Ed pulls a face. “That it ‘just happens’. Like _fuck_ it just happens. And if it does, that’s useless—I’m not going to sit around waiting for anything to _just happen_.” His scowl slips, and he sighs instead. “I asked him what the difference between love and _in_ love is, too, and you should really fire the dumb bastard, because all he said was ‘you just know’. Is it me or something? Is there something wrong with me? Is everybody else perfectly happy to wander around waiting for shit to fall into place?”

“I’m not,” Roy says.

“I know.” Ed crosses his arms again and shuffles his feet against the floor. “That’s why I’m here, isn’t it? Because I know you’re determined to change stuff for the better, and I know you can’t do it alone.”

“I hope that’s why you’re here,” Roy says.

“That’s the other thing,” Ed says. He flicks a glance at Roy and then trains his gaze on his own knees. “Walter—he asked—he didn’t even _ask_ ; it was phrased as a question, but it was an accusation, and that pissed me off even more—” He makes a frustrated noise and half-shakes his head. “Walter asked if the reason I won’t leave the military for _him_ was because I’m in love with _you_.”

Roy’s heart doesn’t stop. It doesn’t skip a beat. It doesn’t skitter. It does, however, go from thudding slightly quickly to galloping full-tilt in the space of approximately half a second, which _hurts_.

“I—” Roy says. “Are you?”

Ed shifts all the way back into his seat, at which point his feet no longer quite reach the floor. He swings his legs, and his heels skim the floorboards, and the distance slips away beneath his feet.

“I don’t have enough data,” he says.

There are a lot of things Roy could say to that.

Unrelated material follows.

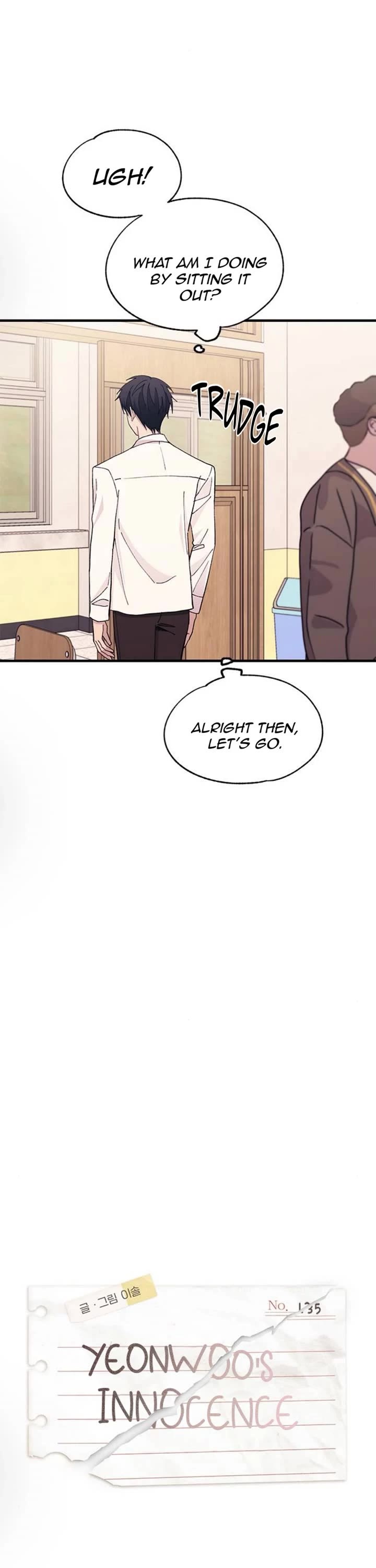 Yeonwoo's Innocence Chapter 135 page 6 - Chapter 135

What he says is, “Oh.”

 

* * *

 

The fourth year, the cold digs its fingernails under every centimeter of Roy’s skin.

The fourth year, the wind begins to howl like an unconsoled child mere moments after they forge off of the main road in the direction of the fort.

The fourth year, they walk into a blizzard, and the world goes white.

“I knew this would happen,” Ed shouts over the ongoing wail assaulting Roy’s quickly-numbing ears.

“I didn’t take you for a pessimist,” he calls back.

“I’m not,” Ed says.  “It’s just so statistically likely that shit will go wrong for you that it’s about as close as probability gets to a guarantee.”

“I’m flattered that you did the math.”

“I don’t know how _you_ stay awake during those fucking board meetings.”  Ed shuffles closer, staggering through the drifts, and they huddle together slightly in a vague attempt to share body heat.  “ _Fuck_ , so—fucking—cold—”

“You noticed,” Roy says.

“Shut it,” Ed says.

“We really need to talk about your insubordination problem,” Roy says.  “It’s ‘shut it, _sir_ ’.”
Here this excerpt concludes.